**Data below:**
◇ ◇ ◇ ◇ ◇ ◇ ◇

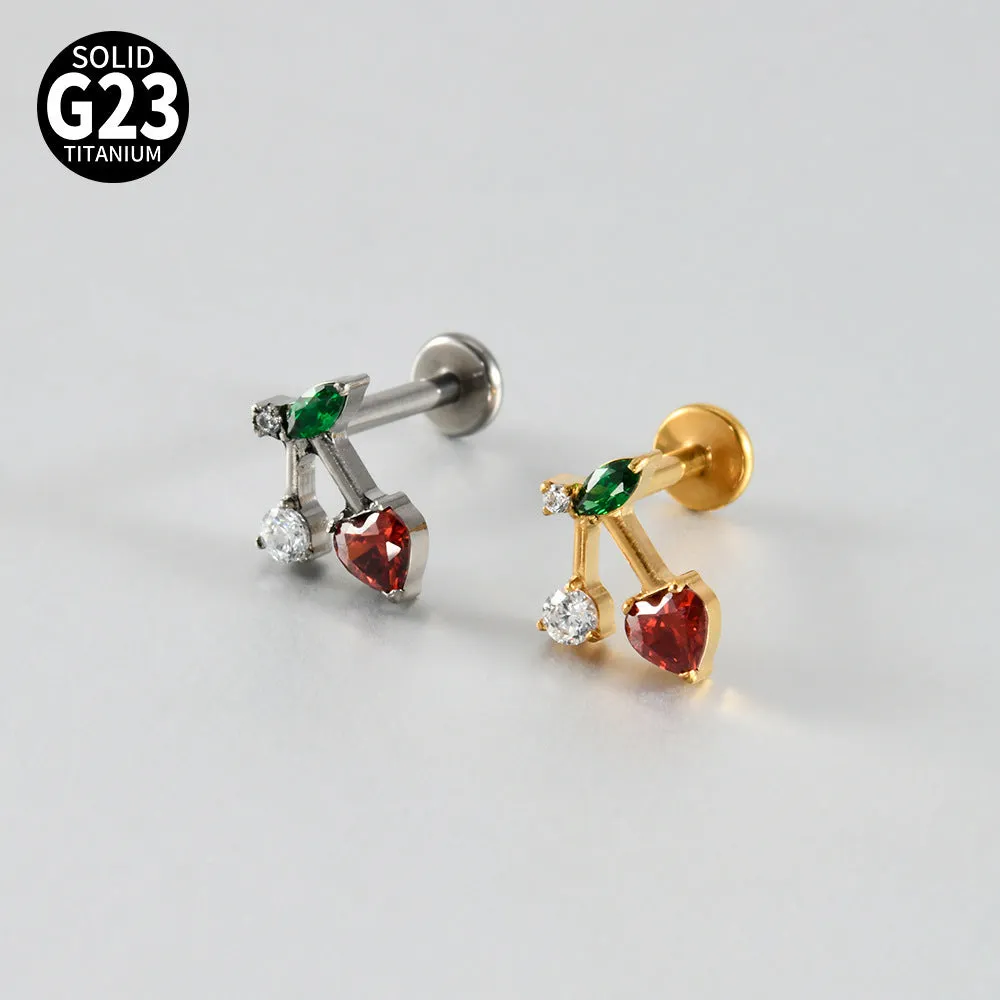 G23 titanium stud earrings with cherry zircon butterfly flower design, 1.2x8mm, gold electroplated finish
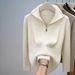 Autumn Winter Plus Size Pullover Knit For Women High Neck Commuter Sweater Simple Long Sleeve Half-Zip Top_voghion.com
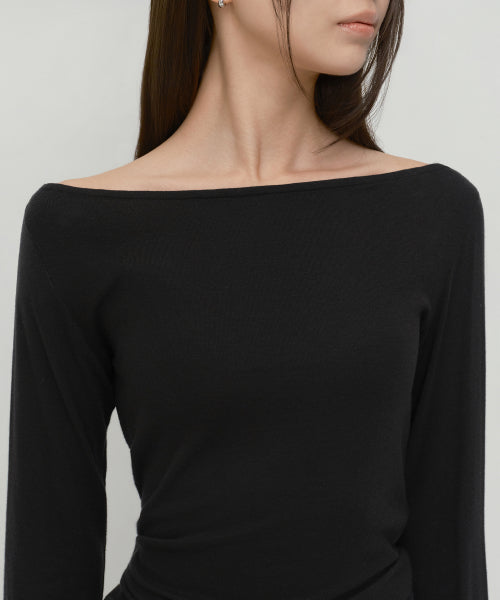 WOMENS WOOL TENCEL OFF SHOULDER LONG SLEEVE TEE #韓韶禧同款! - 4 COLORS BLACK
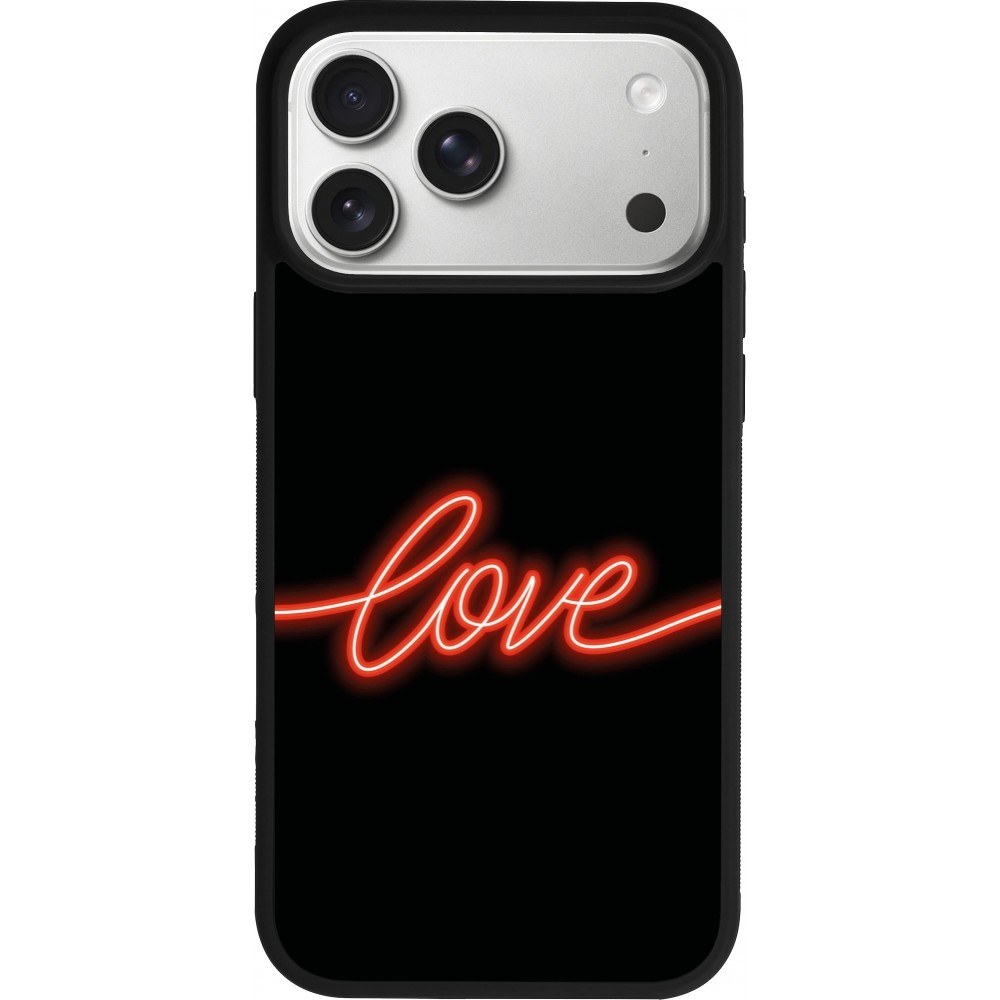 iPhone 17 Pro Max Case Hülle - Silikon schwarz Valentine 2023 neon love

◇ ◇ ◇ ◇ ◇ ◇ ◇

Omitting the pictures, write out the material above exactly as it stands.

 G23 titanium stud earrings with cherry zircon butterfly flower design, 1.2x8mm, gold electroplated finish
 Autumn Winter Plus Size Pullover Knit For Women High Neck Commuter Sweater Simple Long Sleeve Half-Zip Top_voghion.com
 WOMENS WOOL TENCEL OFF SHOULDER LONG SLEEVE TEE #韓韶禧同款! - 4 COLORS BLACK
 iPhone 17 Pro Max Case Hülle - Silikon schwarz Valentine 2023 neon love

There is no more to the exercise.